Hal ini disampaikan Jokowi dalam acara penyerahan sertifikat tanah untuk rakyat serta Surat Keputusan (SK) Perhutanan Sosial dan SK Tanah Objek Reforma Agraria (TORA) di Areal Kesongo, Kabupaten Blora, Jawa Tengah, Jumat (10/3/2023).
“Supaya Bapak, Ibu semuanya tahu bahwa kebutuhan pupuk di Indonesia ini harusnya 13 juta ton di seluruh Tanah Air Indonesia. Di Indonesia, baru bisa berproduksi 3,5 juta ton,” ujar Jokowi.

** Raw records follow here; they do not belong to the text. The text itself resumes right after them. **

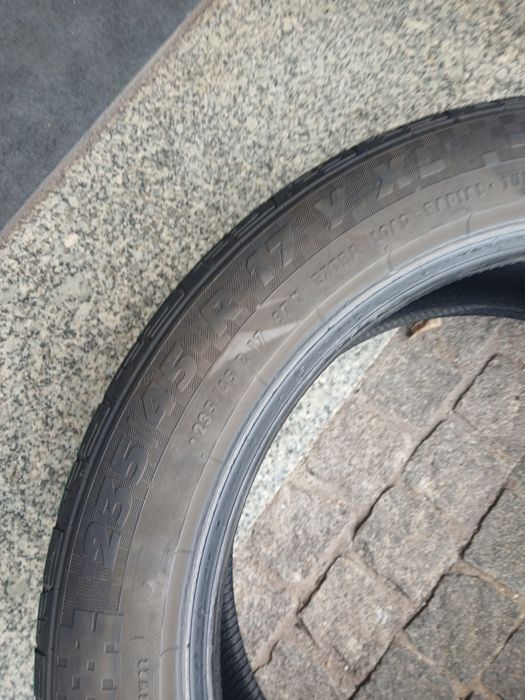 2 pneus 235 45 r17 performance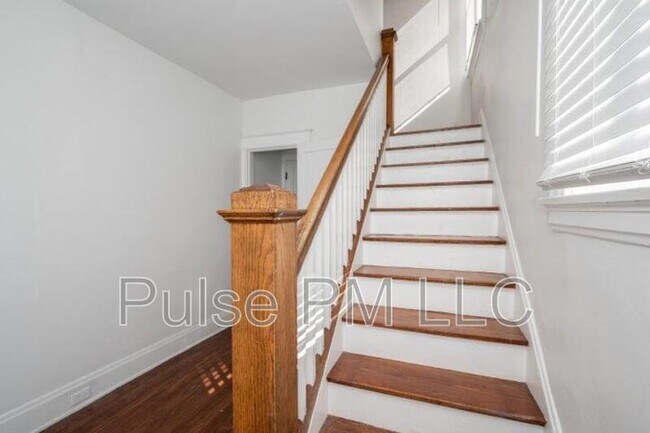 Building Photo - 2730 Dakota Ave
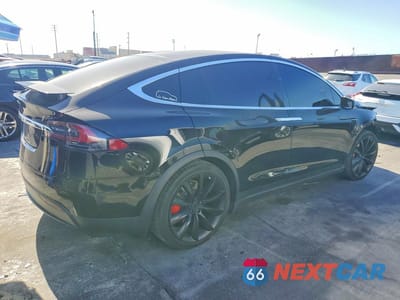 Trzecie zdjęcie samochodu z tyłu: 2021 TESLA MODEL X VIN:5YJXCDE43MF311342 - miniatura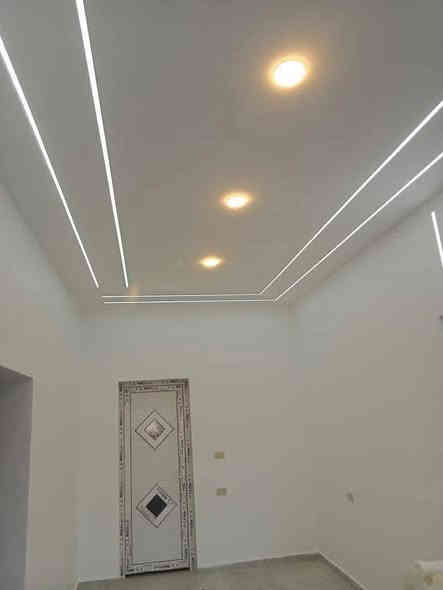 السلام عليكم 
جزء من عملي 
صباغ داخل خارج متفرق شغل درجة أولى بشرط تسليم مهندس اسعار مناسب جداً ***********
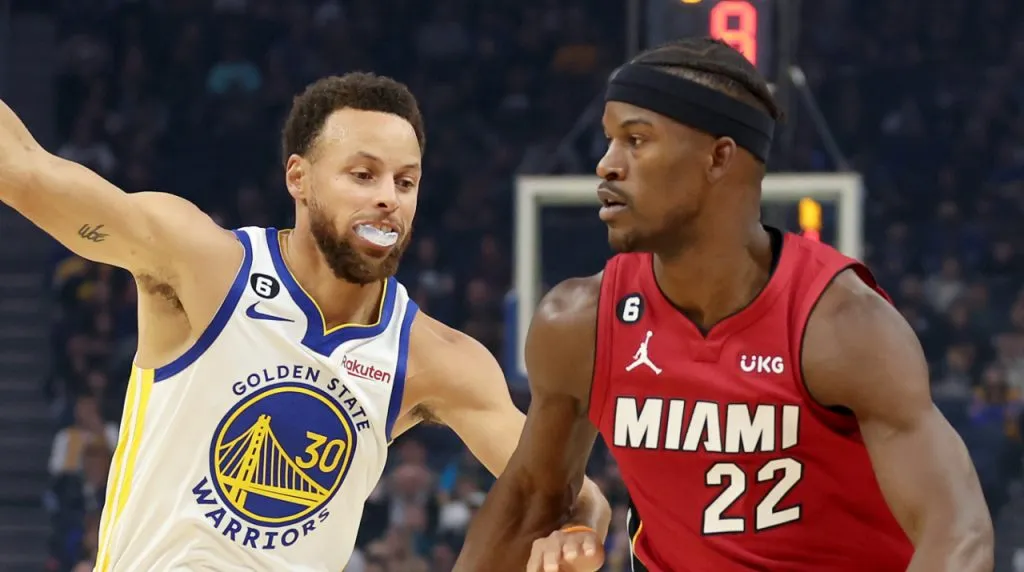 Stephen Curry y Jimmy Butler. (Foto: Getty Images)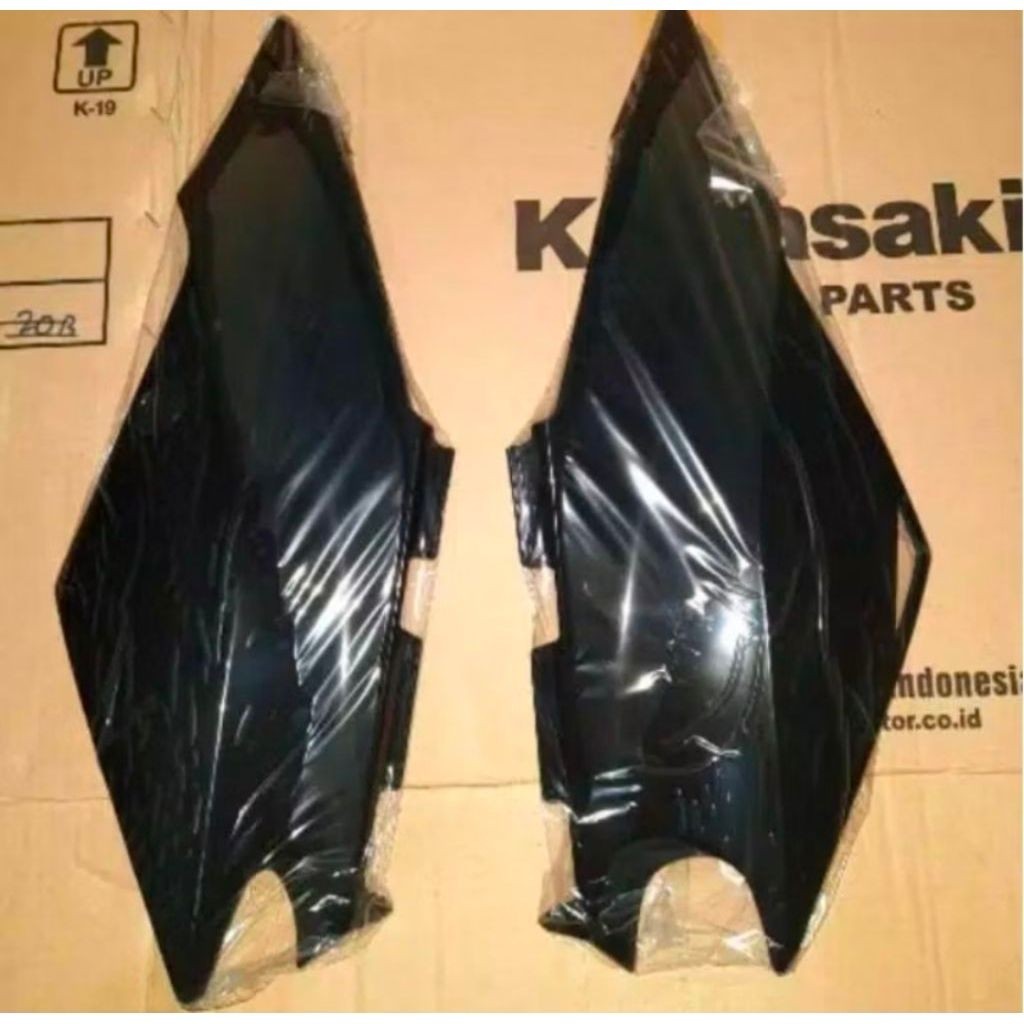 cover body belakang klx 150 bf dtracker bf new hitam polos original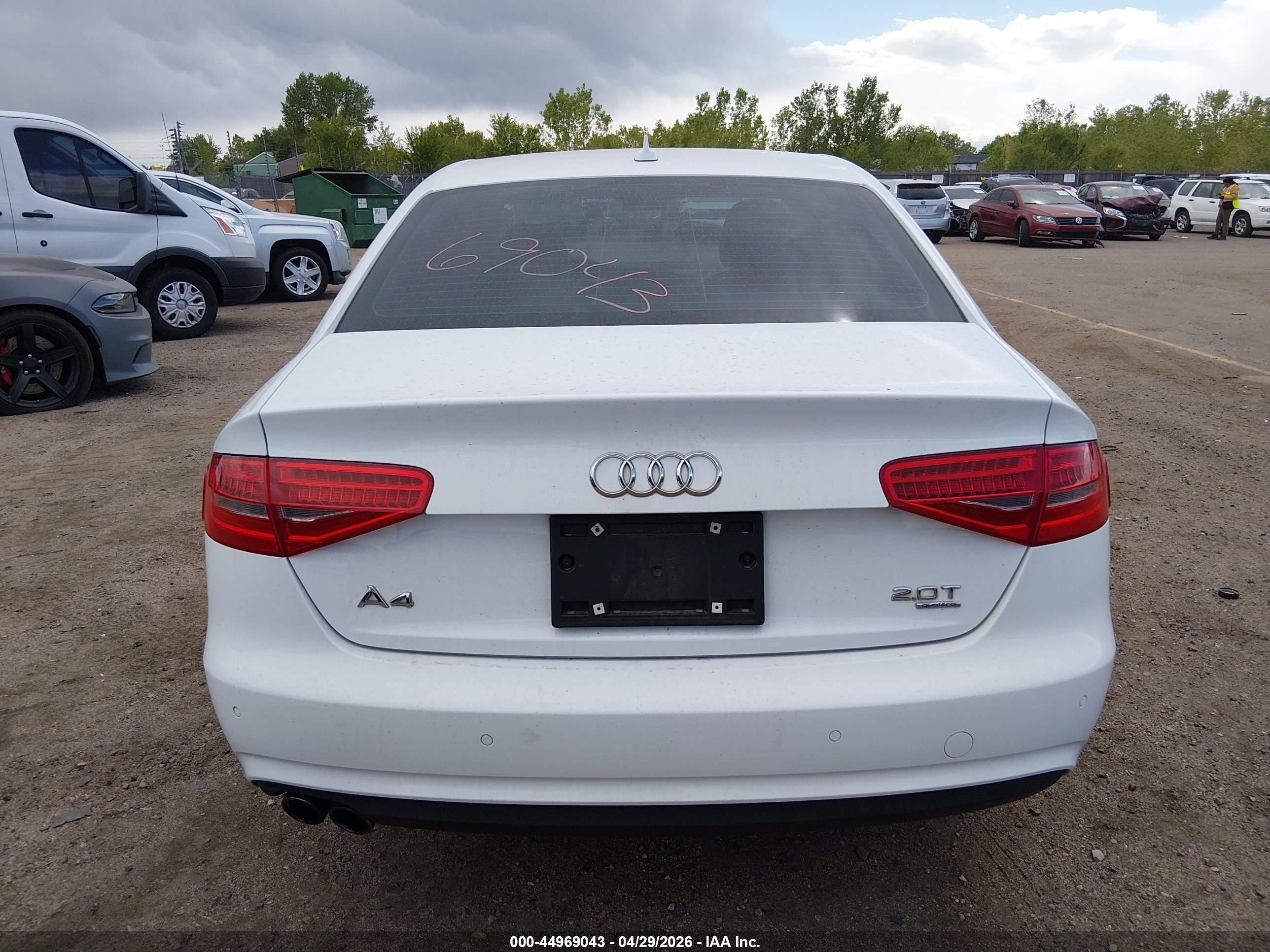 2013 Audi A4 2.0t Premium White vin: WAUFFAFL7DN024933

Lebih lanjut, Jokowi menjelaskan, saat ini Indonesia masih melakukan impor sejumlah 6,3 juta ton pupuk. Namun, jumlah tersebut juga dinilai masih belum bisa memenuhi kebutuhan pupuk nasional.
"Sisanya ada dari impor 6,3 juta ton berarti nembe pinten niku (kurang berapa itu)? (Totalnya) kira-kira 9,8 juta ton. Masih kurang berapa? 3,2 juta ton,” ucap mantan Wali Kota Solo itu.

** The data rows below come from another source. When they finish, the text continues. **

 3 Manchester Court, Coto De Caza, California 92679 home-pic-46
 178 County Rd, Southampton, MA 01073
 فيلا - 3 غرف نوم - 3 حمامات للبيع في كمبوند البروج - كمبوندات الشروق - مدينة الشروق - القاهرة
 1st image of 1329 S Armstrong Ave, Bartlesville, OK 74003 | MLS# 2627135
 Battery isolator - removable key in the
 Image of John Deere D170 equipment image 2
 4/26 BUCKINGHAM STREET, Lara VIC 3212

Selain itu, Jokowi mengatakan kegiatan impor bahan baku atau pupuk juga terkendala oleh perang yang terjadi di Rusia dan Ukraina sebagai negara importir pupuk ke Indonesia.
“Problemnya sekarang supaya Bapak dan Ibu tahu kita banyak impor bahan atau pupuk itu dari Rusia dan Ukraina. Yang kekurangan pupuk itu bukan hanya Indonesia, negara-negara lain yang tidak mempunyai pabrik pupuk apalagi tidak dapat apa-apa sama sekali,” jelasnya.

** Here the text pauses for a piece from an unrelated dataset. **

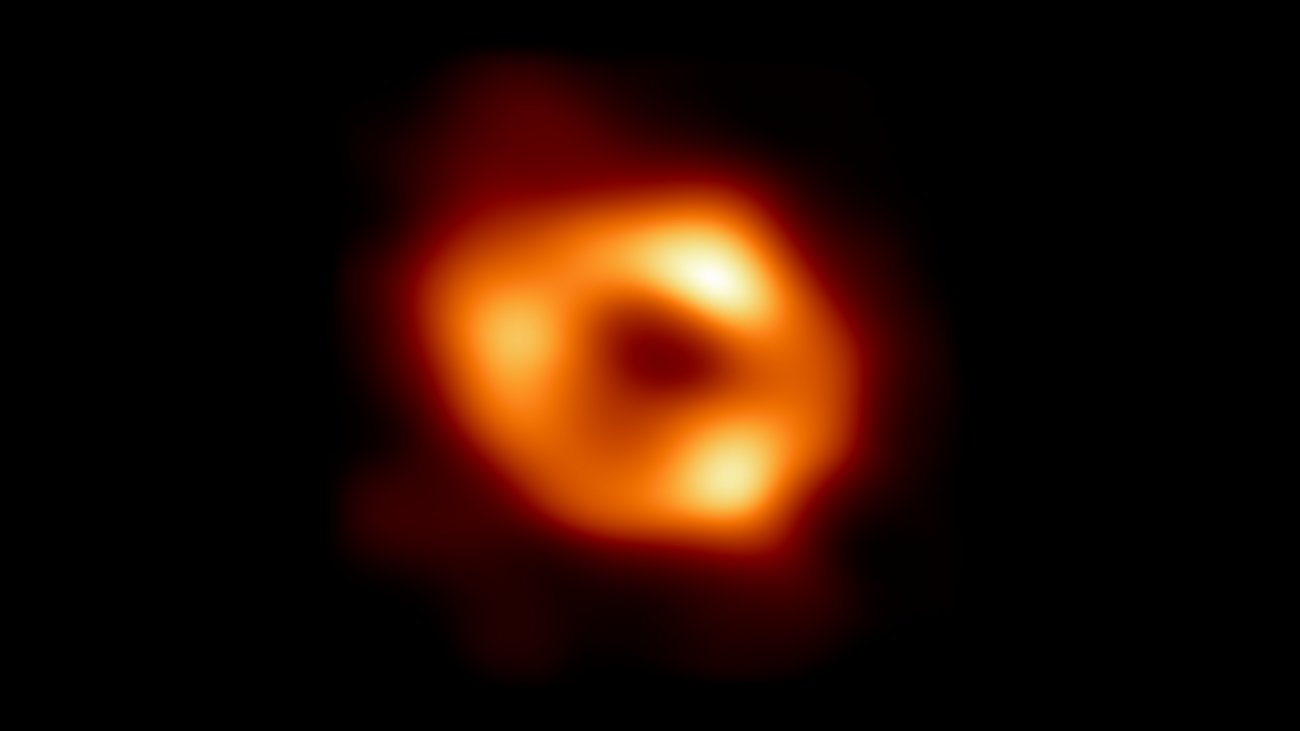 Obraz supermasywnej czarnej dziury Sagittarius A* w Drodze Mlecznej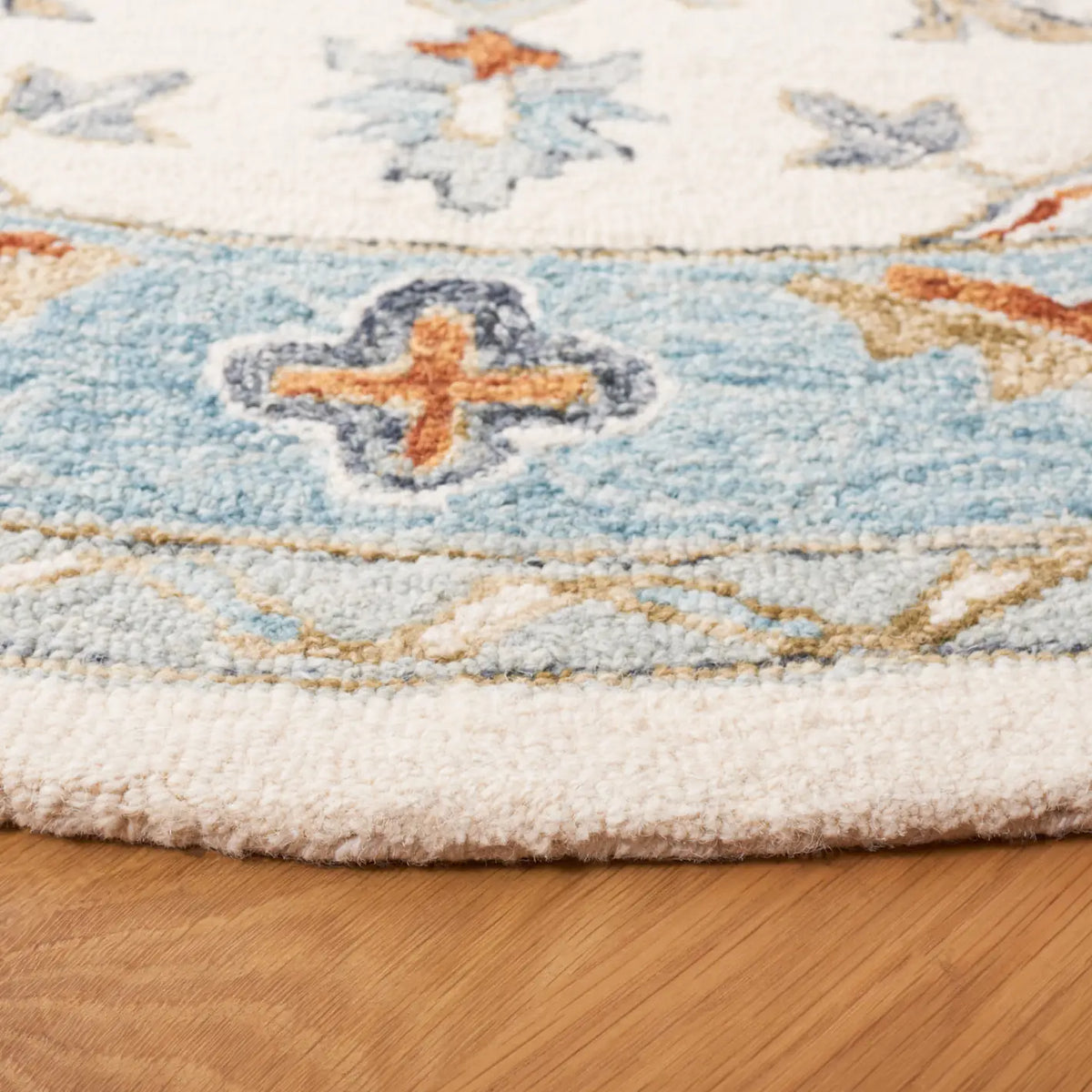 Safavieh Metro 6'-0" x 6'-0" Rug in Ivory / Blue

Melihat hal tersebut, Jokowi menyebut, tingginya harga pupuk di Tanah Air disebabkan karena jumlah pupuk yang ada saat ini tidak sebanding dengan jumlah kebutuhan yang ada.
“Kalau pupuknya tidak cukup, yang ingin beli banyak, terus bagaimana? Hukum pasar apa? Harganya pasti naik, problemnya di situ,” jelas dia.
Oleh karena itu, untuk mendorong pemenuhan pupuk tersebut, pemerintah mengoperasikan kembali PT Pupuk Iskandar Muda (PIM) guna menambah kapasitas produksi pupuk nasional.
“Bulan yang lalu Pupuk Iskandar Muda di Aceh kita hidupkan lagi, kita biayai. Sudah bisa berproduksi tetapi juga masih sedikit, 570 ribu ton. Sudah berproduksi 570 ribu ton tapi tetap itu masih jauh dari kebutuhan yang kita inginkan,” kata Jokowi.